Еще не было построено храма-юродивого прямо по соседству с Кремлем (место дурака в Древней Руси всегда было по соседству с царями, пусть царям это и не всегда нравилось: но сидит на троне царь, а рядом с ним дурачок с кнутиком, как пародия, как прямой намек, как напоминание – помни русские сказки, думай о них, неровен час, Иван-дурачок Иваном-царевичем станет), но умирал Андрей Рублев тоже в святом месте. В Андрониковом монастыре.
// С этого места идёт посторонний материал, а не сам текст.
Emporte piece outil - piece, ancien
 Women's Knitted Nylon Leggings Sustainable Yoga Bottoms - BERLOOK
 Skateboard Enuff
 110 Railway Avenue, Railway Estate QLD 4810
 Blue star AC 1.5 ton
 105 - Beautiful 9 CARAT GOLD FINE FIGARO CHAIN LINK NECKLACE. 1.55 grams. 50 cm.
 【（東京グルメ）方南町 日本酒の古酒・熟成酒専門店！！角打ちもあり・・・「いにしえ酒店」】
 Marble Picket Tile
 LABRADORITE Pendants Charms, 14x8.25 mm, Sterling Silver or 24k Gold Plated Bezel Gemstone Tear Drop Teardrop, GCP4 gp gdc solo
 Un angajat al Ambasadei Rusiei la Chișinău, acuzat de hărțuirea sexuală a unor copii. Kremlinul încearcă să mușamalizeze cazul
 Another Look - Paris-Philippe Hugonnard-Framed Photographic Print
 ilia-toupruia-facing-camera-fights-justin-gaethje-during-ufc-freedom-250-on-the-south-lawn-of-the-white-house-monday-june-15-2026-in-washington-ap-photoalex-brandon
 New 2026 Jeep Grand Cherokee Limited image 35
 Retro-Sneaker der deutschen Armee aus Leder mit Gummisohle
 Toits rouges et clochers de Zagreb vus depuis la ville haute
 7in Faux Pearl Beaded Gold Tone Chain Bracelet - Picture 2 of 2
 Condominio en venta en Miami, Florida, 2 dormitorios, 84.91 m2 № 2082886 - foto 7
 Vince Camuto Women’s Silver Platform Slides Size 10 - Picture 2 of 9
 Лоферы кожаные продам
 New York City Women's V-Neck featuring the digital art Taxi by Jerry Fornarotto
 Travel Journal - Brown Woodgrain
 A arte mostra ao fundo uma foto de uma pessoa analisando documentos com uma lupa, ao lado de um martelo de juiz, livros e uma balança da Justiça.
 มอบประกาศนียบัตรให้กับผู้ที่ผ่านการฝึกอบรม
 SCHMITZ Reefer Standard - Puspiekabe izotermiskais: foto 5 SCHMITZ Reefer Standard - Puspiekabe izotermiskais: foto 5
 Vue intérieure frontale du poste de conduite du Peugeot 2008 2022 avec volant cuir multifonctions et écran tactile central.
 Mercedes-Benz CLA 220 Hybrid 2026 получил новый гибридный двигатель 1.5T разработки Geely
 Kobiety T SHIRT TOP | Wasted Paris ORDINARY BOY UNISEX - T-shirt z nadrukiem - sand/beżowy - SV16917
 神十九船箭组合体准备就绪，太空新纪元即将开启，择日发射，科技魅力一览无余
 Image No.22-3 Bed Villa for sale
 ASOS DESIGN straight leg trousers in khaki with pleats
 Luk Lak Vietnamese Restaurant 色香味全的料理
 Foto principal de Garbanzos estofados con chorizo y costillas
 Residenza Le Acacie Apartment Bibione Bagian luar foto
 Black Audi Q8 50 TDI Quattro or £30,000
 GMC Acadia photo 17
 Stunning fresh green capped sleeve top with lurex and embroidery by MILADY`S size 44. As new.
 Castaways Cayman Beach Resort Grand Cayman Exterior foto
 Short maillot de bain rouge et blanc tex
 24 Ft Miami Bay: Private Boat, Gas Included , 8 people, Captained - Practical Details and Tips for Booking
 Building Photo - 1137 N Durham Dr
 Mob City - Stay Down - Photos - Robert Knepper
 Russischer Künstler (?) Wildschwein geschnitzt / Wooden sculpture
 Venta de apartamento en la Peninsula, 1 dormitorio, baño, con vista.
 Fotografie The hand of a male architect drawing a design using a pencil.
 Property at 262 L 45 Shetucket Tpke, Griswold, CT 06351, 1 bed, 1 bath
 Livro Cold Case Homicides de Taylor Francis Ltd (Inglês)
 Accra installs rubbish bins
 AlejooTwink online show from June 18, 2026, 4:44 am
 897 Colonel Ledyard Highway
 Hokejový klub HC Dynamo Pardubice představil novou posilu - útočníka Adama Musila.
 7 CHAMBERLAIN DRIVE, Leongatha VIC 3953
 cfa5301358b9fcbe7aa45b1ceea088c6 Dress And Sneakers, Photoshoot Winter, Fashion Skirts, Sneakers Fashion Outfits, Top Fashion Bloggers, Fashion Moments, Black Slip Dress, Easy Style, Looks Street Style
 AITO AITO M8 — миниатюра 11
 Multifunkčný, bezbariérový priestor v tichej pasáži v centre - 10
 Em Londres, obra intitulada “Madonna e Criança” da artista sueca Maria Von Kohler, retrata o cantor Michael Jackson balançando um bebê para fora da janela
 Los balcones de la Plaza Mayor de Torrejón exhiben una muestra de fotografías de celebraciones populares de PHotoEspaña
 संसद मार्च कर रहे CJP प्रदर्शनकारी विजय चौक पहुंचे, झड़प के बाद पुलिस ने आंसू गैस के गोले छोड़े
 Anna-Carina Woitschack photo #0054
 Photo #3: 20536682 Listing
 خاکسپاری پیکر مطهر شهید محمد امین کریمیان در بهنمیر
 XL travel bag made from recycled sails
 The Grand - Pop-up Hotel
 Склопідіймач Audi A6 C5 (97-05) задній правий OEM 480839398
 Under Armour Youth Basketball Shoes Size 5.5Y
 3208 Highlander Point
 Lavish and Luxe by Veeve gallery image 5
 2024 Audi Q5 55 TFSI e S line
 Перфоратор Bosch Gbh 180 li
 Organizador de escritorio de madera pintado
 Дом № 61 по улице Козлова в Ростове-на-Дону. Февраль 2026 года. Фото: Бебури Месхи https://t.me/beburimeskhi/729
Там он весной последнего своего года начал писать фрески Спасского собора. А когда умер, приснился напоследок своего другу и помощнику Даниилу Черному. Есть легенда, что Черный увидел перед смертью во сне Андрея Рублева, который звал его к себе в рай. И Андрей показался Даниле очень спокойным и радостным.
И, наверное, в том рублевском раю краски были легкие и светлые. Золотисто-желтые пашни, светло-голубые небеса, розовый закат. И ни одного сурового, аскетичного лица – только радостные. И нет больше темно-красного, зеленоватого в тенях, мрачного.
И что самое удивительное – все там в раю улыбаются.
Правда, не хохочет никто.
Потому что нельзя представить Иисуса Христа хохочущим.